## Exercise description
Within the records that follow, restate exactly the lines from the line with "Ivory Ruffled Bow" down to the line with "A set of Texas", including both. Omit the pictures.

## Record set
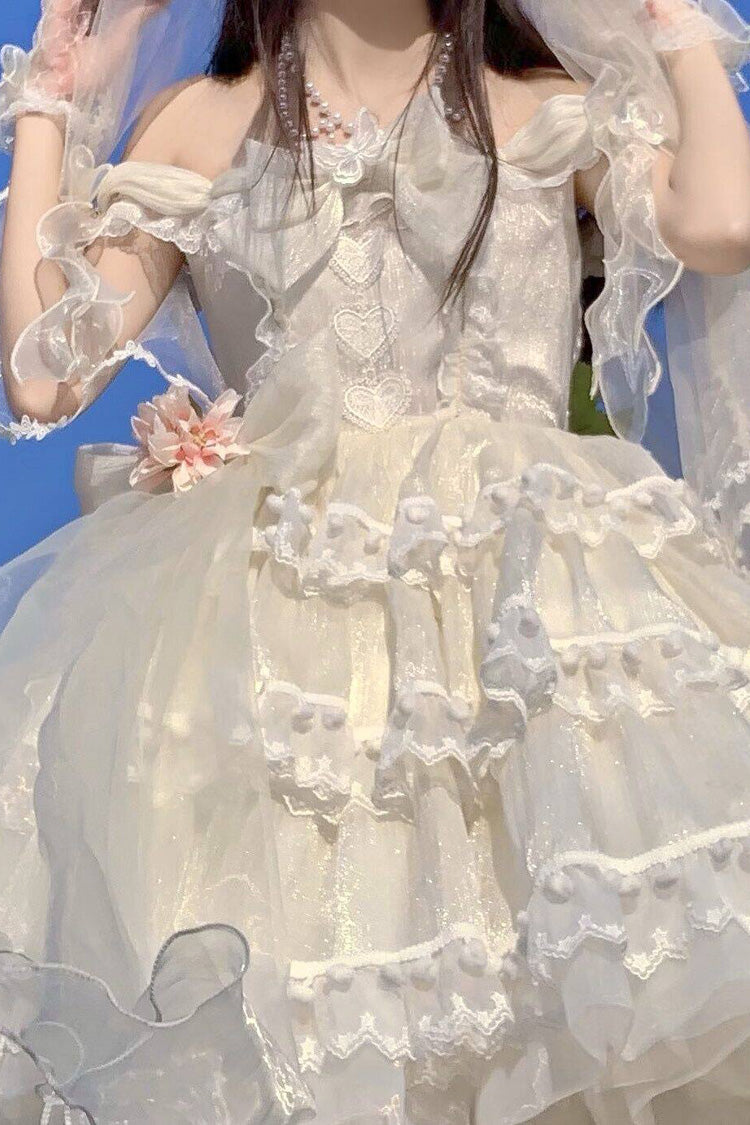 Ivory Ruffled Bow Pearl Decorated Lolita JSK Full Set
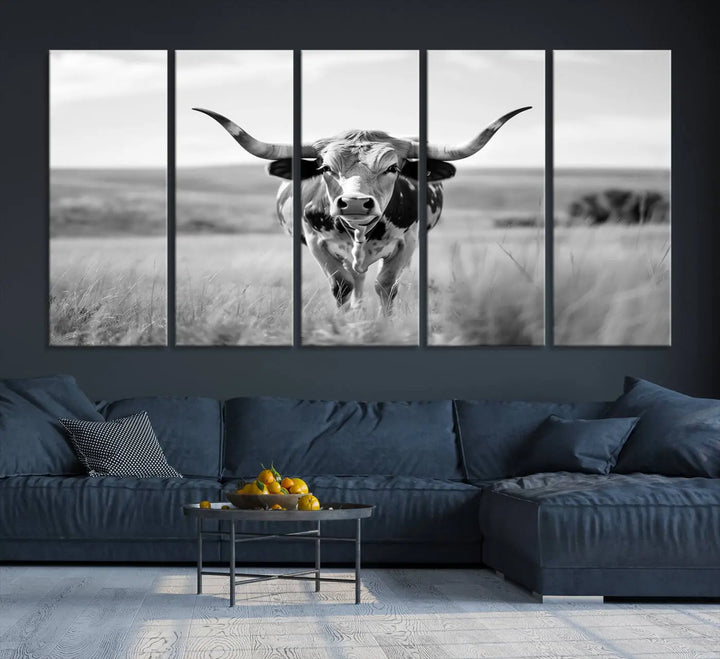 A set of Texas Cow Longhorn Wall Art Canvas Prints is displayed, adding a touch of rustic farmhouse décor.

* * *

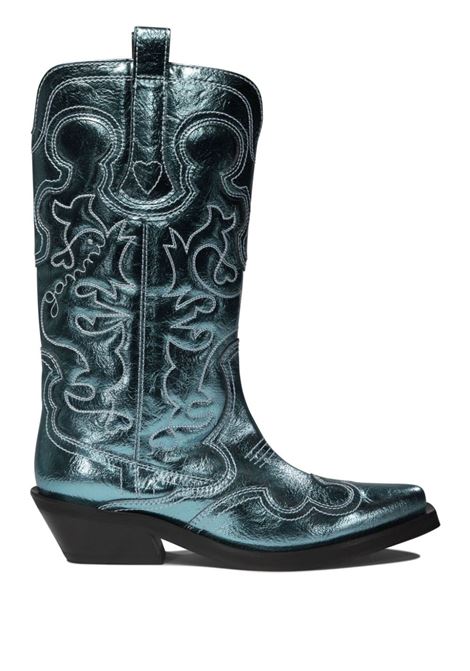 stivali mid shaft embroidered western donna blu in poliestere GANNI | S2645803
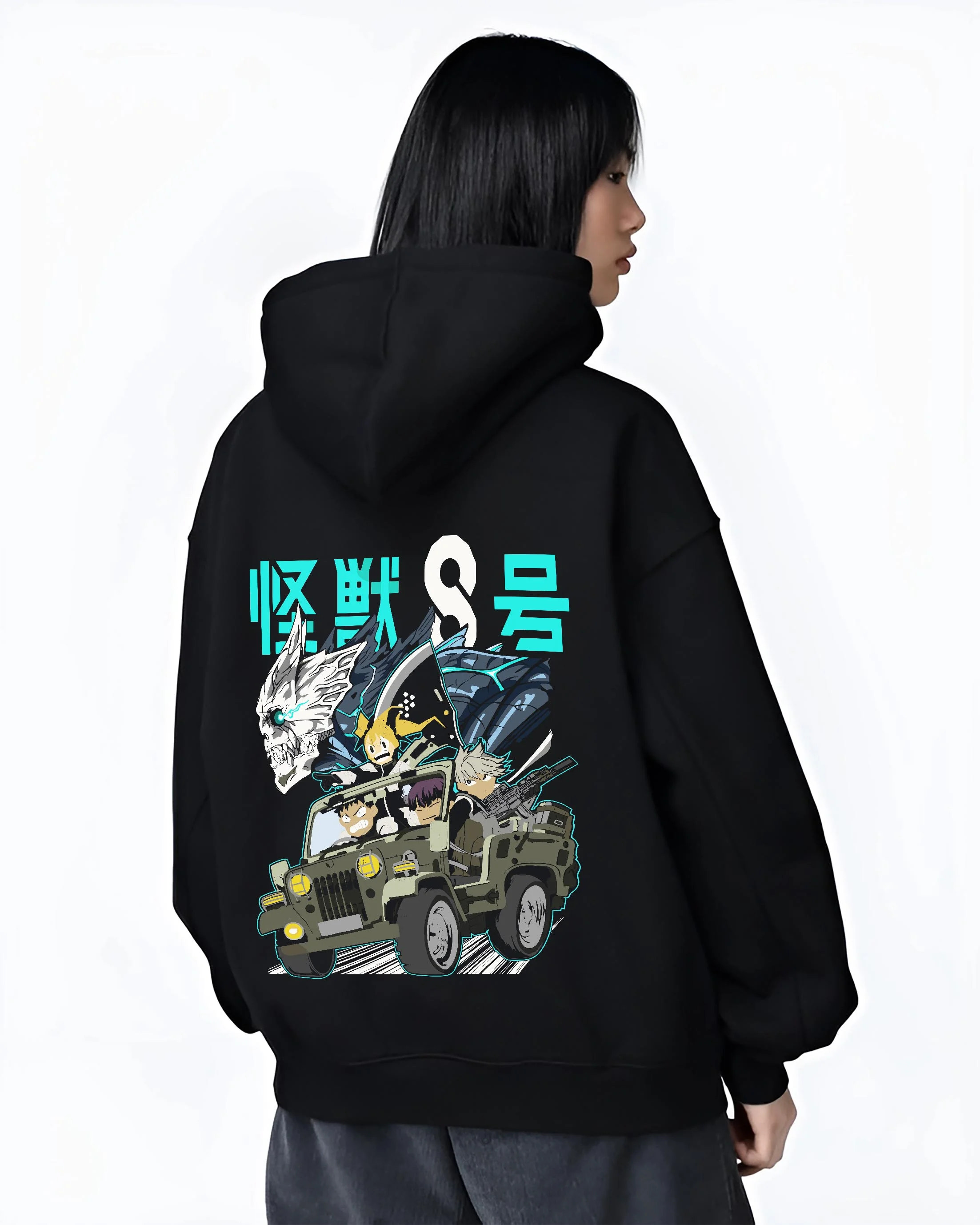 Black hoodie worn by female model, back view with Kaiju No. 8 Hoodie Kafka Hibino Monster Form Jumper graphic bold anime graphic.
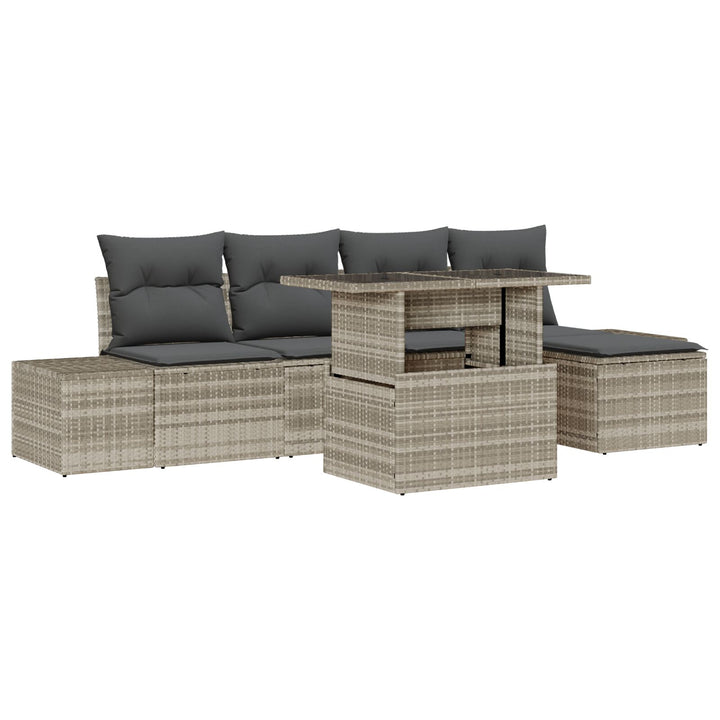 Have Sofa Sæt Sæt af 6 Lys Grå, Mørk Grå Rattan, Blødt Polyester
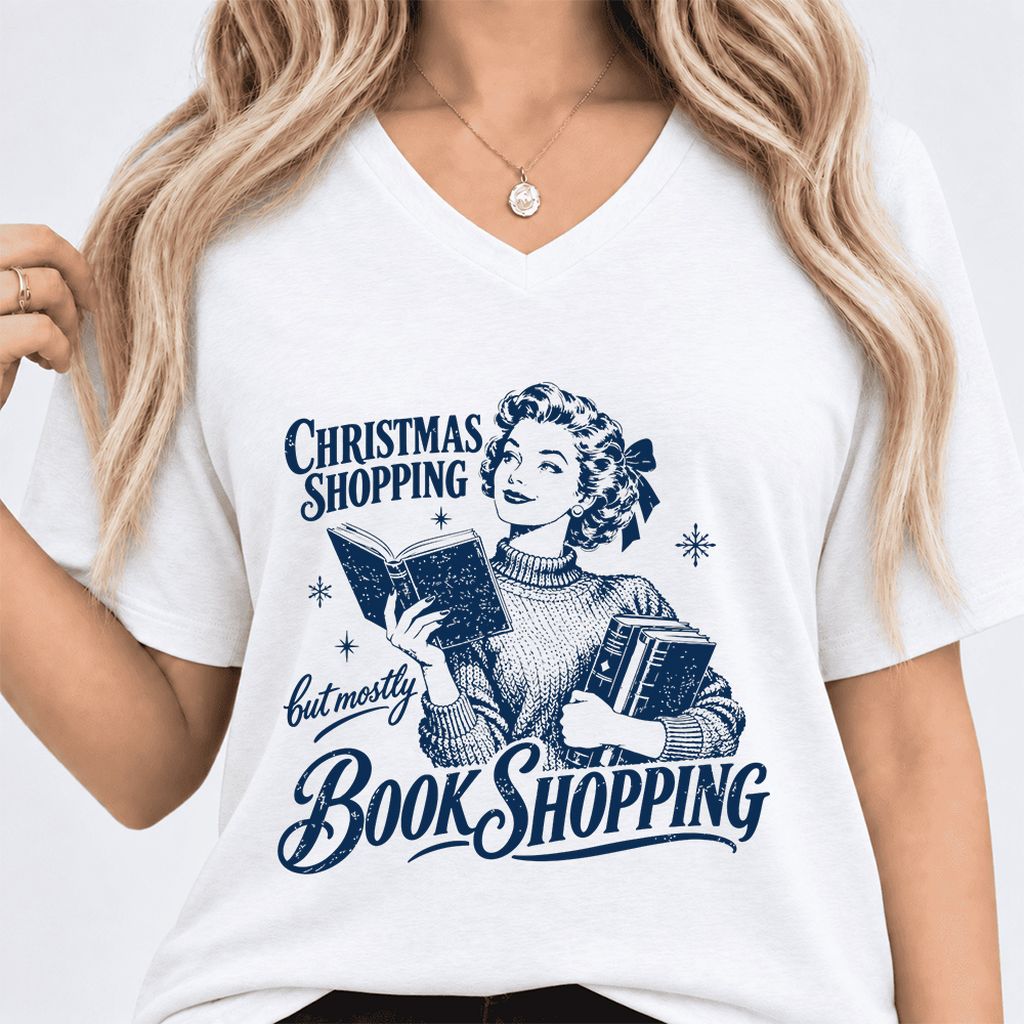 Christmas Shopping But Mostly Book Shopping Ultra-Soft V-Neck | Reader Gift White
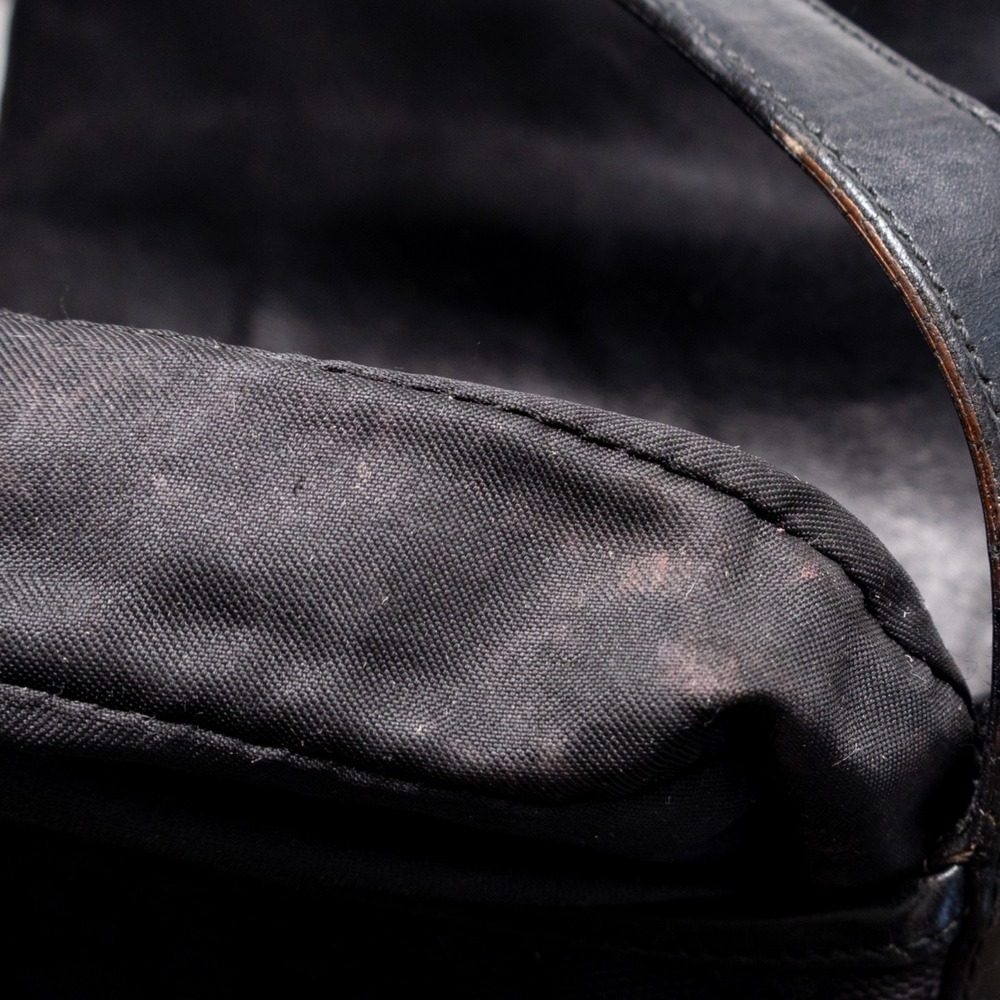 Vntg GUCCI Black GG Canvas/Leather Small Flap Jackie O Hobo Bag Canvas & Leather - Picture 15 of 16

## Expected output
 Ivory Ruffled Bow Pearl Decorated Lolita JSK Full Set
 A set of Texas Cow Longhorn Wall Art Canvas Prints is displayed, adding a touch of rustic farmhouse décor.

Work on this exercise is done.